I sure did. When the next Fall came, the opportunity was not to be missed. A year before, during an advising meeting to new graduate students, Prof. Porter, then the graduate advisor, had warned the eager young minds that Dijkstra's course would be life-altering. He was right. Five minutes into the first lecture, I learned something that I shall never forget, and that is, ideas are vague until you have written them down, so write down your proofs before presenting them to others. Also unforgettable was his insistence on writing proofs starting from the very upper-left corner of the blackboard. Applying this technique to paper, I am amazed how many times I have been able to keep my writing to one natural unit: a page, not to mention the amount of scratch paper henceforth saved.
Besides intriguing problems and elegant proofs, Dijkstra's class was full of wonders. From meticulous symbol manipulation precise down to every single punctuation, to the clarity, precision, and conciseness of his words, e.g., "at most" instead of "less than or equal to", "at least" instead of "greater than or equal to". Of course, his class was in constant touch with world news and general purpose research topics, e.g., the event that 25 journalists died in 26 countries, panchromatic concept animation based on 3-D artificial intuition nets, and distributed conflict resolution in the presence of non-monotonic belief systems.

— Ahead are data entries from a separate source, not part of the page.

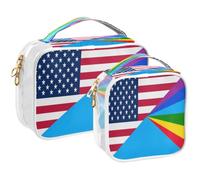 GuoChe Toiletry Bag Travel Makeup Organizer Cosmetic Bags Clear Pouch Waterproof with Handle for Men Women Flag Of The United States and Light Dispersion Peace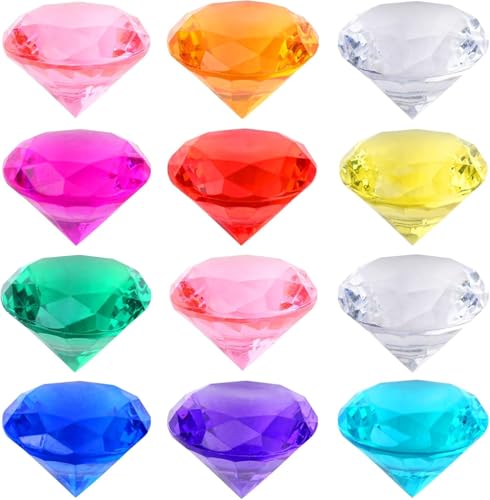 Realjoy 12 Stück Edelsteine für Kinder, 40mm Groß Acryl Diamanten,Diamantkristalle Transparent,Kunststoff Diamanten Deco für Vasen, Tischdeko, Party Mitgebsel, Hochzeit(10 Farbe)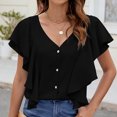 thumbnail image 2 of Yuyuzo Womens Button down Shirts Summer Deep V Neck Short Sleeve Blouses Ruffle Loose Fitted Flowy Tees, 2 of 7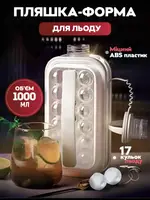 Форма для льоду на 17 кульок / Форма для круглого льоду / Пляшка для льоду Light Grey (8863)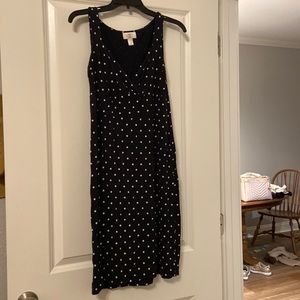 Loft 6P black dress with polka dots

A binder on my bookshelf keeps the lecture notes of his class and the photo of me taken by him at the beginning of one of his lectures, with his signature at the back. That photo, although not my favorite, accurately records my tidiness, or lack of it, at 9:30 that morning. From time to time, I leaf through the lecture notes, and when I come to the last example he showed in his class, an elegant proof of Fermat's Little Theorem, I always remember what he said after showing that example, a unique colloquial expression at a unique moment, "Ain't it a beauty!"
Thank you.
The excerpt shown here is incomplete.